PI-102 - PREDICTION OF A CLAUDIN 18.2 TARGETED ANTIBODY DRUG CONJUGATE (ADC) PHARMACOKINETICS IN CANCER PATIENTS USING PBPK MODELING AND SIMULATION

C. ZUNINO¹, S. Wang², S. URDY³, Y. Zhang⁴, X. DECLEVES³, A. Puszkiel³, N. DJEBLI⁵; ¹Phinc Development, Massy France, Phinc Development, 36 rue Victor Basch, 91300 Massy, France, ²Jiangsu Hengrui Pharmaceuticals, Shanghai, China, Jiangsu Hengrui Pharmaceutical, Shanghai, China, ³Université Paris Cité, Inserm UMRS1144, Cochin Hospital, Université Paris Cité, Inserm UMRS1144, Cochin Hospital, 75014 Paris, France, ⁴Jiangsu Hengrui Pharmaceuticals, Shanghai, China, Jiangsu Hengrui Pharmaceuticals - Shanghai,, China, ⁵Luzsana / Hengrui, Luzsana Biotechnology (subsidiary of Jiangsu Hengrui Pharmaceutical), Basel, Switzerland.

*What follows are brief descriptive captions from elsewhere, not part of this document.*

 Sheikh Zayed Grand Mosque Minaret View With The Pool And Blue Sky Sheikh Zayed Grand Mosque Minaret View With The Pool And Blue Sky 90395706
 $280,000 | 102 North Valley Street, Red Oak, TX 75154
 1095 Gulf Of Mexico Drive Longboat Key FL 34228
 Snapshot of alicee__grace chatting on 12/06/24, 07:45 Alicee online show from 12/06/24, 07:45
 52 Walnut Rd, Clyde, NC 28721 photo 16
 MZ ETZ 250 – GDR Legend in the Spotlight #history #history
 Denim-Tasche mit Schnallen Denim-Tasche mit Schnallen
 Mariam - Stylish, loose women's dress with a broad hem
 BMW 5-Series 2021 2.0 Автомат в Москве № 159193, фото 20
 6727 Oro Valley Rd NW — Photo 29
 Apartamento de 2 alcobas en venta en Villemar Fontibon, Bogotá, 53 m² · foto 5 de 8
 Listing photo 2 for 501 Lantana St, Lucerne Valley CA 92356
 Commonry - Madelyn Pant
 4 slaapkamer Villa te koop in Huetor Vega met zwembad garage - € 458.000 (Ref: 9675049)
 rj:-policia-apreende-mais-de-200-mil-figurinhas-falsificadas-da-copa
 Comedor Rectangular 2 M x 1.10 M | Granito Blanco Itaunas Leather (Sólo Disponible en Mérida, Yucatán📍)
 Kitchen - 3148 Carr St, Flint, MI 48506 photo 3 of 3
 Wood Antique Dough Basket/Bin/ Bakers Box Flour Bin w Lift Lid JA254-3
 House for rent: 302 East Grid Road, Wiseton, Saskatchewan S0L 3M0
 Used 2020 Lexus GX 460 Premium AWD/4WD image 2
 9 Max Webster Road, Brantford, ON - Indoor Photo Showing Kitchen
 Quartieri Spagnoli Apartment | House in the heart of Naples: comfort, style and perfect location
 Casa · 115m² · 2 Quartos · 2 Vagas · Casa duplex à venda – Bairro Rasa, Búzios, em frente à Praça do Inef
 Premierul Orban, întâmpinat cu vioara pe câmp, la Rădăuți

Background: ADCs represent a promising anticancer drug modality. Although physiologically based pharmacokinetics (PBPK) modeling has become an essential approach in Pharmacometrics to mechanistically characterize exposure in different tissues, very few PBPK models have been published so far for ADCs, none within the PK-Sim® / MoBi® software.

Methods: To capture the PK of this anti-Claudin 18.2 ADC, a human PBPK model was built in PK-Sim® and MoBi® and the predictions were compared to observations from 3 clinical studies after IV administration in 109 patients with gastric or pancreatic cancers (including 908 and 824 plasma observations for ADC and toxophore, respectively). The PK parameters were considered accurate if the predicted error ratios were within the two-fold error range (0.5-2).

Results: In PK-Sim®, we defined one PBPK model for each compound (ADC, toxophore and naked antibody), with input parameters either measured in vitro or predicted from the compound structure. While this model captured the ADC PK profile following IV administration of multiple escalating doses, additional clearance mechanisms were essential to improve the fit of the ADC elimination phase. After integration of target-mediated drug disposition (TMDD), nonspecific catabolism and deconjugation of the toxophore in MoBi®, 3 and 4 parameters were optimized for the ADC and the toxophore, respectively (degradation rate constant and reference concentration of the target, deconjugation rate constant, lipophilicity, nonspecific hepatic clearance, passive renal clearance of the toxophore). The PK data was adequately captured for both ADC and toxophore (Fig. for the 6 mg/kg dose as an example), with predicted error ratio included within the two-fold range: Cmax_ADC (1.07-1.50), Cmax_Toxophore (0.69-1.44), AUC0-504h_ADC (0.59-0.98) and AUC0-504h_toxophore (0.82-1.38).

Conclusion: The “parameter optimization” of parameters such as those driving TMDD and deconjugation elimination pathways allowed to accurately capture the observed data for both ADC and toxophore in cancer patients for the anti-Claudin 18.2 ADC. This analysis paves the way for PBPK modeling of other ADCs currently in development.